New Jersey guidance addresses ASC 740 deduction


On Feb. 24, 2020, the New Jersey Division of Taxation (Division) issued Technical Bulletin TB-96 (Bulletin), addressing the mechanics of the new Net Deferred Tax Liability Deduction (NDTLD) for eligible publicly traded companies.1 This guidance follows sweeping tax reform legislation enacted in 2018, which imposed mandatory combined reporting for tax periods ending on or after July 31, 2019, and implemented the NDTLD for adversely affected public companies.2 The deduction must be claimed using Form DT-1, which must be filed electronically on or before July 1, 2020.
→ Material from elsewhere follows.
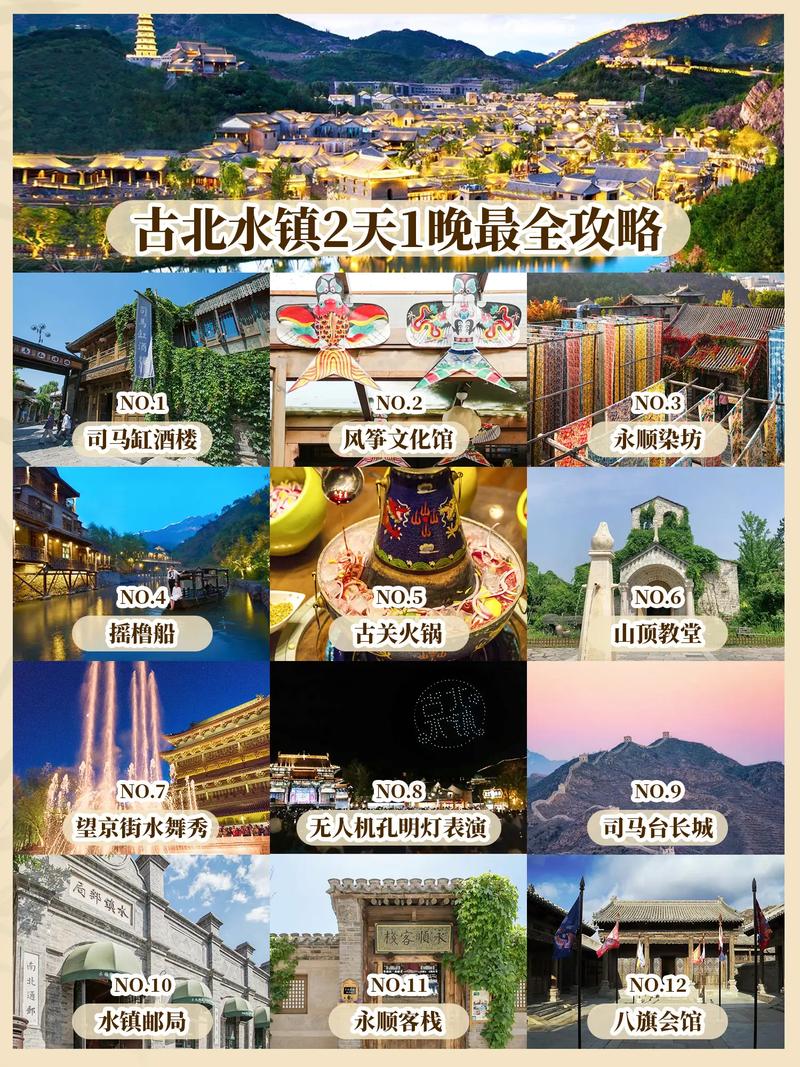 北水古镇旅游攻略，如何规划一次完美的旅行体验？-图1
New Jersey’s tax reform legislation included the NDTLD, a special ASC 740 relief deduction allowing publicly traded corporations to minimize the potentially negative effects of the transition to mandatory combined reporting on deferred tax positions for financial statement reporting purposes.3 The deduction is limited only to publicly traded companies and their affiliates.4 Such companies must prepare their financial statements in accordance with generally accepted accounting principles (GAAP) or International Financial Reporting Standards (IFRS). Public companies are eligible for the deduction if the transition to combined reporting increases the taxpayer’s aggregate net deferred tax liability or decreases the taxpayer’s aggregate net deferred tax asset.5




Additional guidance on the NDTLD


The Bulletin provides the Division’s definitions for purposes of the NDTLD, in addition to responses to common questions the Division has received regarding the deduction. The Division addresses specific inquiries regarding which companies are eligible for the deduction, confirms that the temporary Corporation Business Tax (CBT) surtax6 is included in the tax rate used for the computation of the NDTLD, and concludes that any market-based sourcing impact is not included in the computation. Per Form DT-1, the statement on which taxpayers calculate their NDTLD, the net deferred tax asset or liability should be computed as of the last day of the tax year ending prior to July 31, 2019, with and without the impact of the transition to unitary combined reporting.7 The form instructions specify that these amounts should be the same amounts that were reported on the taxpayer’s financial statements. If for whatever reason they are not, the amounts should be calculated in accordance with GAAP or IFRS and included as a spreadsheet attachment.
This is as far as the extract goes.